**Problem statement:** Nothing but the lines from the one containing "İki kişilik bir kutlama masa" through the last line of the records belongs in the answer, copied exactly and with the pictures left out.

○ ○ ○ ○ ○ ○ ○

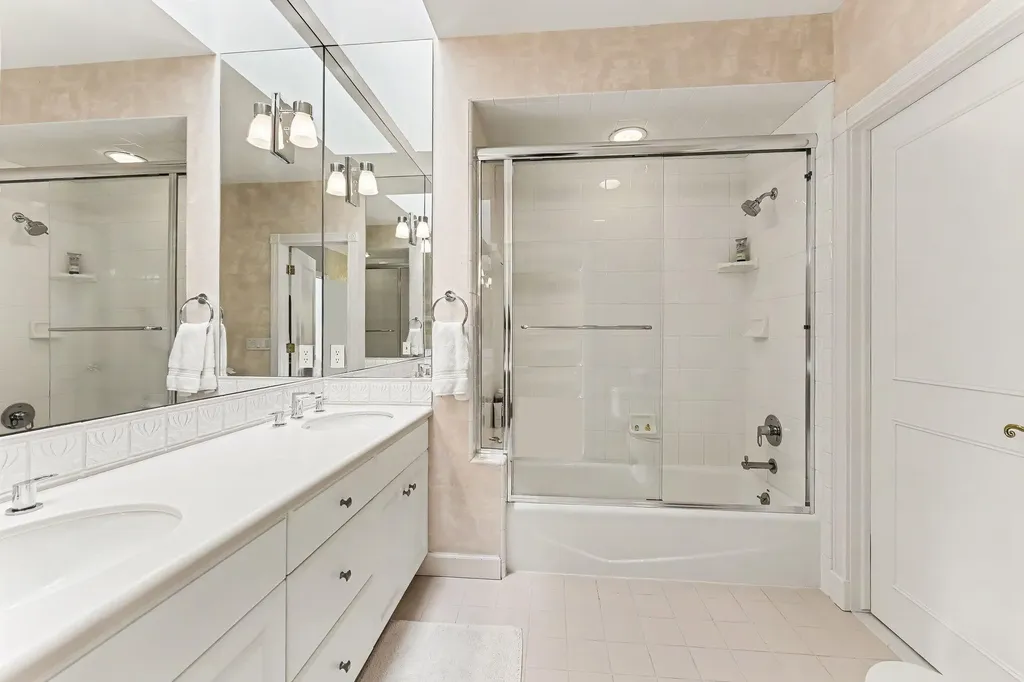 4911 Red Fox Run Ann Arbor Charter Township MI 48105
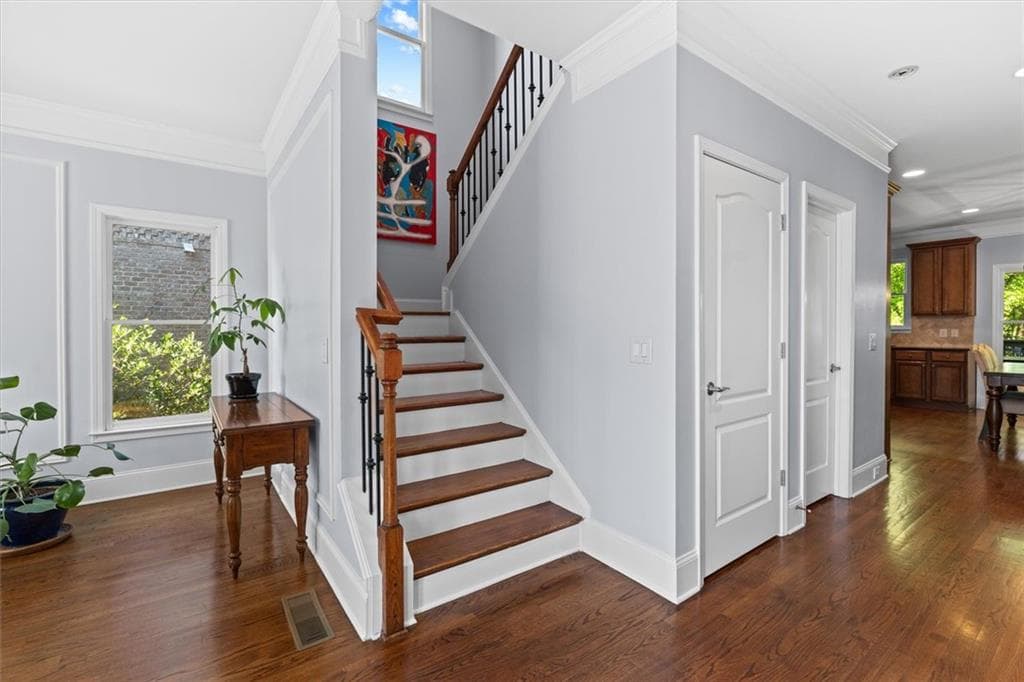 4 bedroom, 5 bathroom, 3,990 sq ft single family residence for sale at 3089 Frazier Walk, Decatur, GA 30033 — photo 6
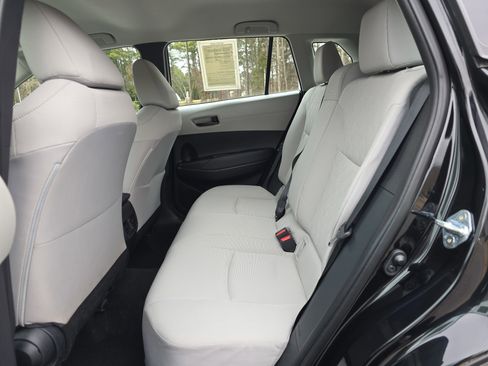 Used 2023 Toyota Corolla Cross L image 13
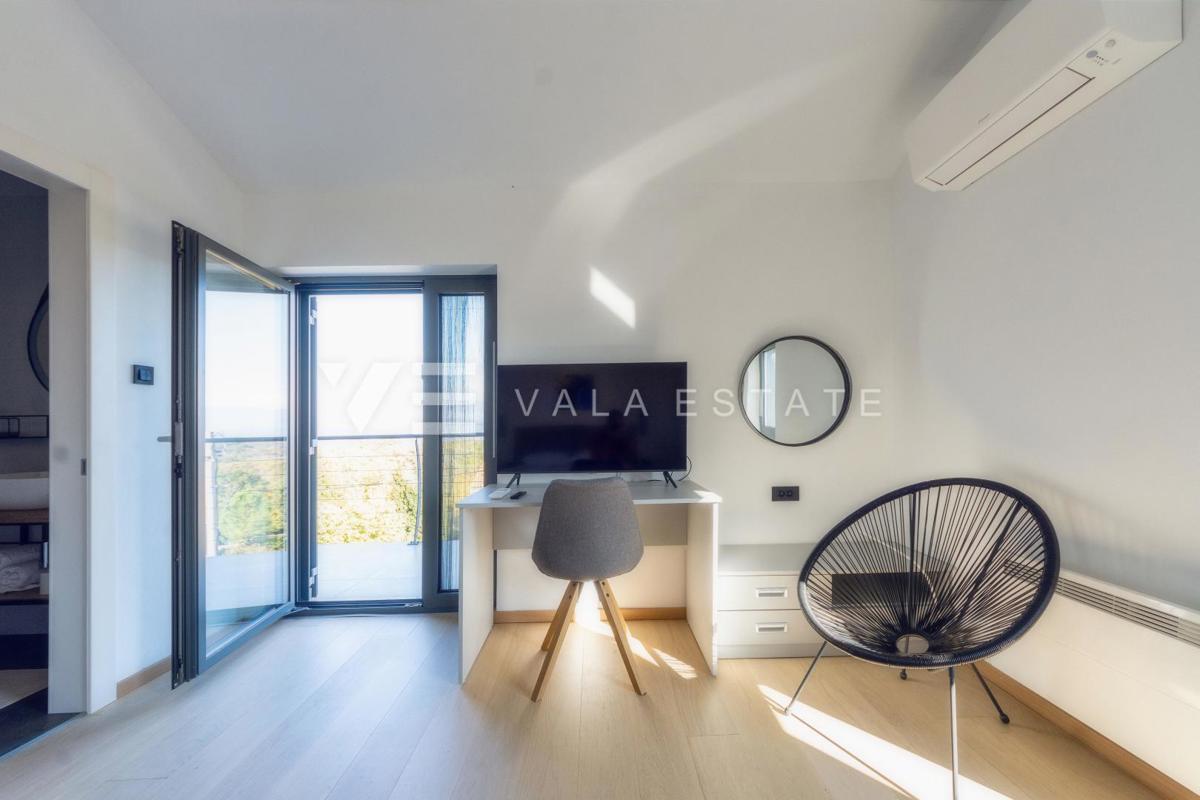 CASA MODERNA INDIPENDENTE CON PISCINA E VISTA MARE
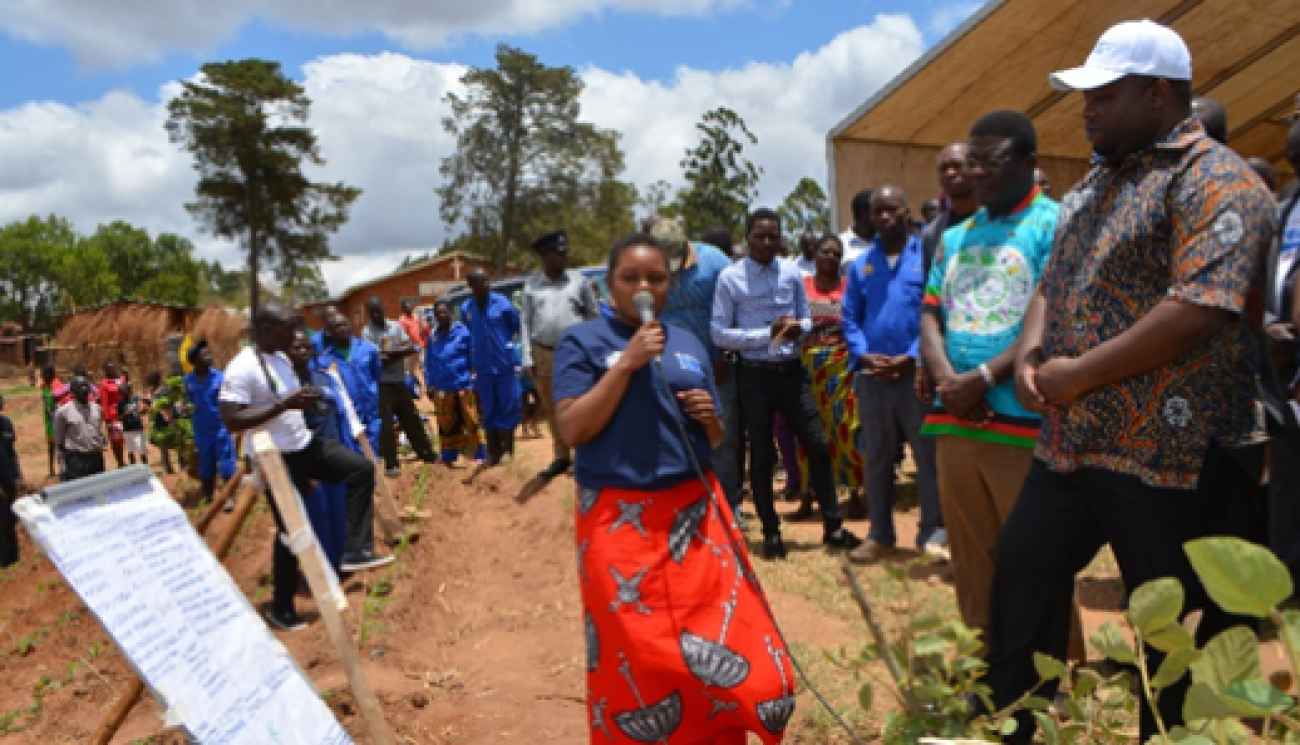 FFS Master Trainer, Brenda Kabaghe, presenting at FAO stand during the tour of exhibitions by the Guest of Honour, Minister of Agriculture, Irrigation and Water Development, Hon. Kondwani Nankhumwa.
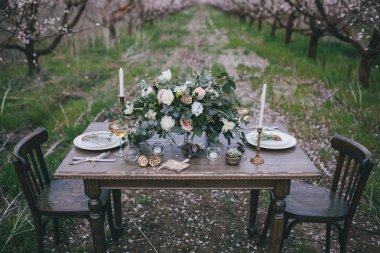 İki kişilik bir kutlama masa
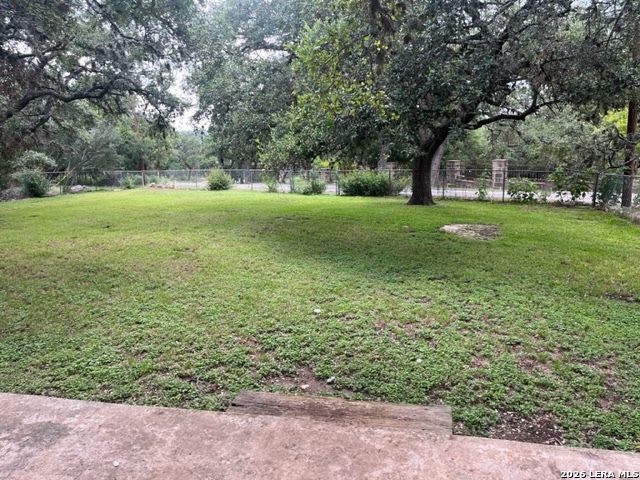 311 CINDY DR, Canyon Lake, TX 78133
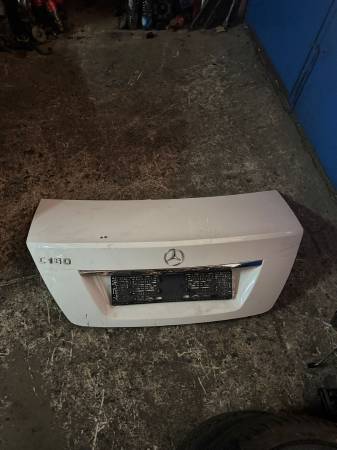 MERCEDES W204 HATASIZ ARKA BAGAJ KAPAĞI BEYAZ RENK - ERCAN TİCARET yedek parça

○ ○ ○ ○ ○ ○ ○

**Answer box:**
 İki kişilik bir kutlama masa
 311 CINDY DR, Canyon Lake, TX 78133
 MERCEDES W204 HATASIZ ARKA BAGAJ KAPAĞI BEYAZ RENK - ERCAN TİCARET yedek parça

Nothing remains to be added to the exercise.